His remaining lung has “really picked up functionality and is operating at 94 percent,” he said. He’s generally “feeling good … It depends on the day.” Mr. Lindsay will be 66 in November. He plans to continue on the legislature through the end of next year, when its term limit of six two-year terms takes effect for him. He then intends to retire. If there is a medical downturn before that, “I would retire immediately.”

Mr. Lindsay, a Holbrook Democrat, has been popular with his peers as presiding officer. His approach as the legislature’s leader, he explained, has been to “have a personal relationship with every legislator and work together to make a better government.”

Millions of people like Mr. Lindsay have been struck by cancer. The World Health Organization determined in 2010 that cancer had become the world’s leading cause of death, overtaking heart disease. Why the cancer epidemic? Report after report attributes it mainly to the toxic substances in the water we drink, the food we eat, the consumer products we use and the air we breathe. As the President’s Cancer Panel stated in a 2010 report, “Reducing Environmental Cancer Risk: What We Can Do Now,” we are “bombarded continually with myriad combinations of these dangerous exposures.” The panel urged President Obama “most strongly to use the power of your office to remove the carcinogens and other toxins from our food, water and air that needlessly increase health care costs, cripple our nation’s productivity and devastate American lives.” It emphasized that there are safe “alternatives” to cancer-causing agents.
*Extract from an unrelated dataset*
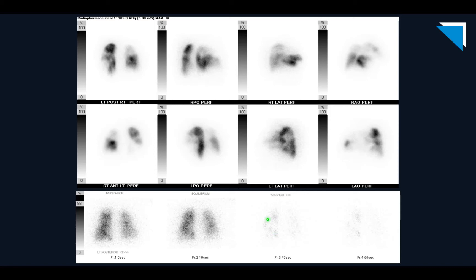Comparing the posterior projection of the perfusion study with the ventilation study, there are numerous defects in perfusion of the left lower lobe base, large defects at the right lower lobe base, the right lower lobe superior segment, and the right upper lobe apex. Looking at all of the other perfusion projections, you see numerous large and moderate peripheral segmental defects. This examination would be read as high probability using the PIOPED 2 or modified PIOPED 2 criteria. Using a trinary system, you would call this PE present.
The U.S. government has generally failed to act because of the political power of those who are poisoning people. I wrote a book on this in 1982, “The Poison Conspiracy.” Asbestos, for example, was known as a carcinogen as far back as 1929 and nothing was done, even though safe alternatives were always available.

As for the corporations responsible, consider Johns Manville, the global giant in manufacturing asbestos products. In 1982, faced with thousands of asbestos injury lawsuits, it declared bankruptcy to protect itself. It remains in the insulation business today.